2.2 Facteurs de risque

2.2.1 Facteurs de risque sociaux

  • Bas niveau social : il est à l’origine d’inégalités sociales d’état de santé déterminées principalement par les habitudes de vie, les habitudes alimentaires et les conditions de travail. En France, l’écart d’espérance de vie entre les manœuvres et les cadres supérieurs est très important, de 8 ans à 35 ans et de 4,5 ans à 60 ans, il ne régresse pas malgré l’amélioration globale de l’état de santé.
  • Difficultés dans l’accès aux soins de santé (réduction des dépenses touchant à la prévention de la santé et l’accès aux soins, par exemple suppression de la couverture complémentaire, impossibilité d’accéder à certains types de soins onéreux) aggravant les inégalités sociales d’état de santé.
  • Nationalité étrangère : en particulier en raison du statut juridique (par exemple, absence de titre de séjour) et l’existence de pratiques discriminatoires.

2.2.2 Facteurs de risque médico-psychologiques

Ces facteurs sont bien souvent tout à la fois causes et conséquences de la situation de précarité. Il peut être difficile voire impossible de démêler le sens de ce lien.

  • La survenue d’un problème de santé peut favoriser une situation de précarité :
    • c’est le cas des maladies chroniques, du handicap, de la dépendance Cf. Item 117.,
    • en particulier, tous les troubles psychiatriques et les addictions peuvent avoir un retentissement fonctionnel à l’origine d’une précarisation du patient (difficulté d’insertion professionnelle, isolement, etc.).
  • A l’inverse, la précarité favorise la survenue de problèmes de santé (ce point est développé à la section 4 « précarité et santé »).

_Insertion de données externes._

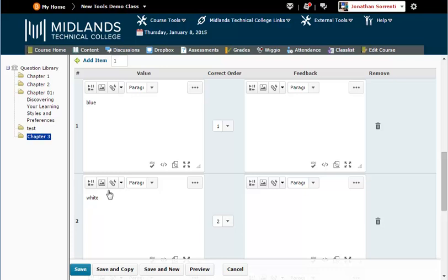If you want to create another question very similar to this one, click on the Save and Copy button. That will save this question and create another one with all of this question's information, so that you can just edit this question's information instead of retyping it.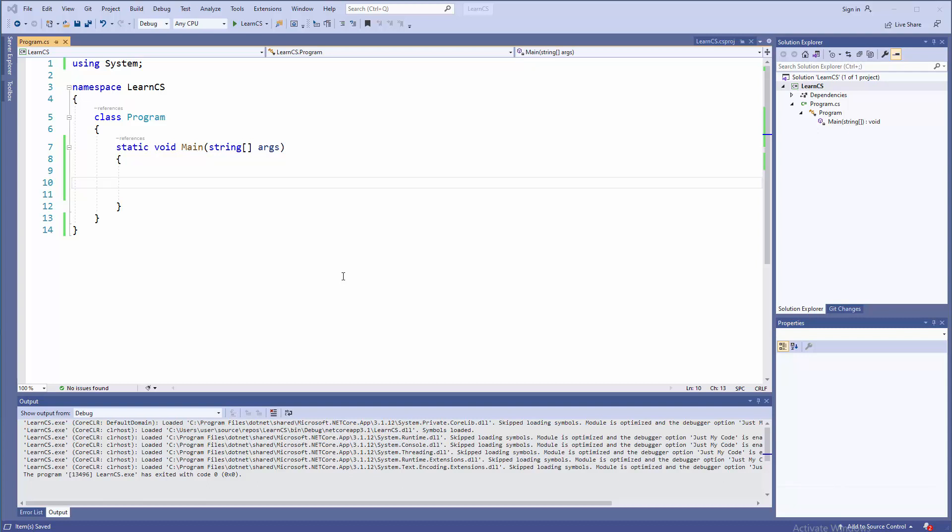Switch statement is extremely useful when you are doing specific checks. For example, if you know how those applications look like, like games, where you type 1, 2, 3, 4, 5 to go into specific submenu, exactly that. But we're going to do that in C sharp.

3 Evaluation de la précarité

Selon la définition de la précarité donnée par le HCSP (Haut Comité de Santé Publique), elle peut se manifester dans plusieurs domaines tels que le revenu, le logement, l’emploi, les diplômes, la protection sociale, les loisirs et la culture, la santé. C’est pourquoi, afin de mieux identifier les diverses populations en situation de précarité, un score individuel d’évaluation du niveau de précarité a été développé par le Centre Technique d’Appui et de Formation des centres d’examen de santé (CETAF), il s’agit du score EPICES (Evaluation de la Précarité et des Inégalités de santé dans les Centres d’Examens de Santé). Il permet la mesure multidimensionnelle de la précarité ou de la fragilité sociale et repose sur 11 questions tenant compte des déterminants matériels et psychosociaux de la précarité qui permettent de calculer un score pouvant varier de 0 (absence de précarité) à 100 (précarité maximale). Le seuil de 30,17 est retenu par le CETAF pour discriminer entre non précaires et précaires (Tableau 1). Le score EPICES semble permettre d’identifier une population plus à risque de problèmes de santé.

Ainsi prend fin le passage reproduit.